REENCUENTRO. BRUSELAS, 2012.


Para un amante de la literatura como yo, el cómic podría parecer un universo paralelo al de los libros y al tiempo, ajeno, menos trascendente quizá, más alejado acaso de lo que algunos llaman "La Gran Literatura" (las mayúsculas son de mi cosecha). No obstante, yo reconozco con orgullo, con añoranza, que los cómics fueron una parte importante de mi aprendizaje y disfrute infantil y adolescente y que lo siguen siendo, quizá en menor medida, hoy día. Mi padre me los compraba semanalmente y mi madre, incluso sabiendo yo leer ya a mis tres añitos, me los leía con esa paciencia y dedicación que solo una madre puede brindar. Yo disfrutaba de esas lecturas como nunca podré volver a hacerlo. Ellos, mis padres y esos cómics, tienen la bendita culpa de que yo me haya consagrado a la profesión (dicho desde la óptica y el profundo significado del verbo "profesar") de la escritura.

De pequeño, en mi casa abundaban el "TBO", el "Pulgarcito", el "DDT" o el "Tiovivo", con aquellos personajes inimitables de los grandes ilustradores de la época: Mortadelo y Filemón, Zipi y Zape, Carpanta, Pepe Gotera y Otilio, El botones Sacarino... La risa estaba garantizada. Más tarde, "El Capitán Trueno", "El Corsario de Hierro" y "El Jabato", además de otros como Tex o Zagor, poblaron de aventuras y peripecias internacionales mis tardes y las de mi hermano. No le hacíamos ascos, tampoco, a "El Guerrero del antifaz", a "Roberto Alcázar y Pedrín" o a "El Sheriff King". En definitiva, crecimos ambos con aquellas, obras llamadas aquellos tiempos lejanos "Tebeos", un sustantivo muy español que desgraciadamente se ha perdido en beneficio del anglicismo.

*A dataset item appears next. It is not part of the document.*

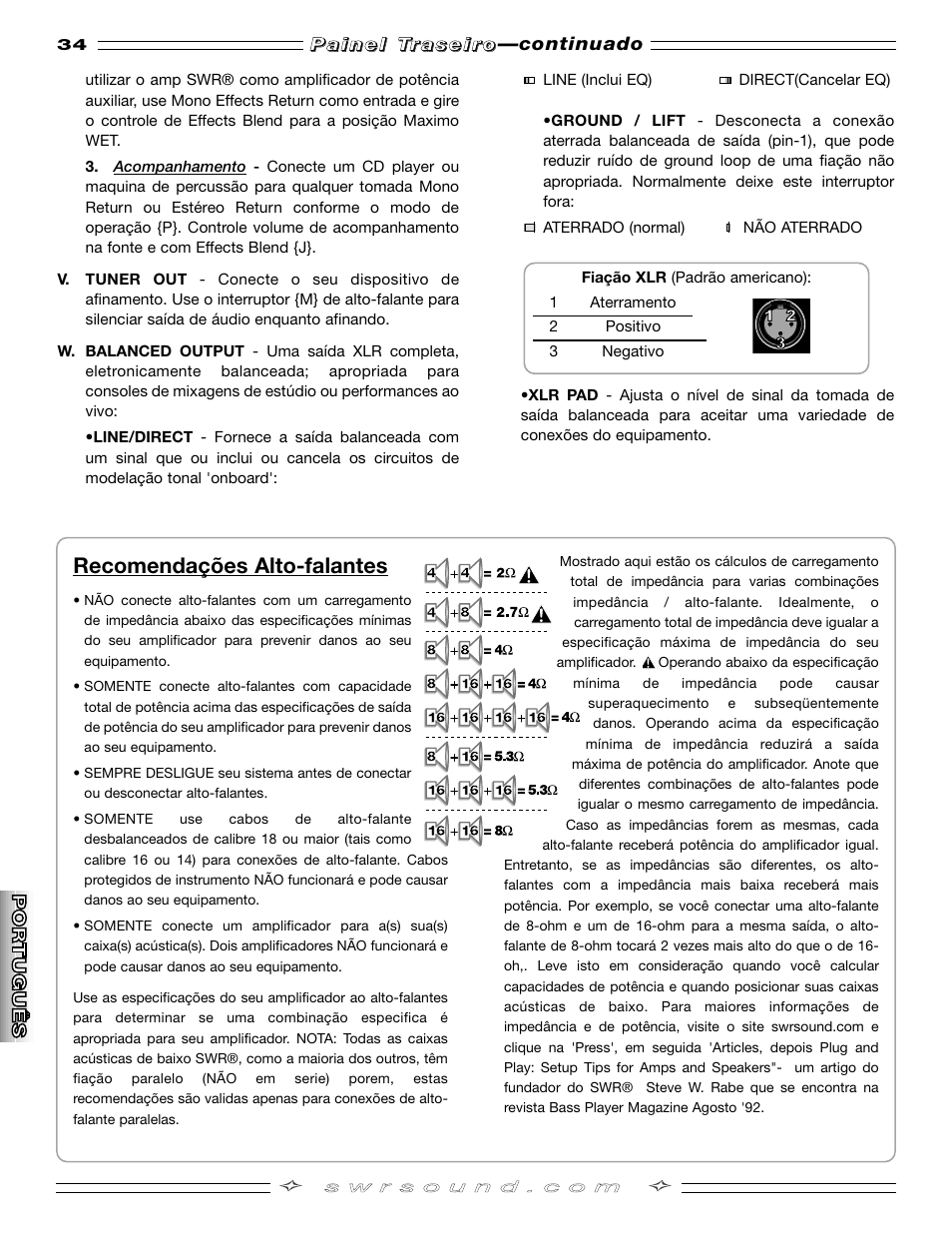 Recomendações alto-falantes | SMc Audio SM-500SM-500 User Manual | Page 34 / 44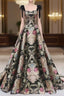 Vintage Satin Straps Floral Long Prom Long Dresses Prom Dresses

Ya un poco más creciditos ambos, entraron en nuestras vidas otros personajes que no desmerecían en absoluto a los primeros: uno de ellos fue un periodista extranjero (como Tintín, otro periodista que nos permitió acompañarlo en sus incontables aventuras a lo largo y ancho de todo el planeta) que se movía por París y aledaños con una contundencia y un desparpajo inigualables para desentrañar misterios diversos: Ric Hochet. Se enfrentaba tanto a un hombre lobo como a una banda de atracadores con igual valentía, y desenmascaraba a un supuesto vampiro o a un pretencioso  espadachín con la habilidad de un detective y la perseverancia de un sabueso. Su campo de batalla era principalmente París, pero su origen rebasaba fronteras: André Paul Duchâteu (belga) como guionista y Gilbert Gascard, "Tibet" (francés) como dibujante eran sus creadores.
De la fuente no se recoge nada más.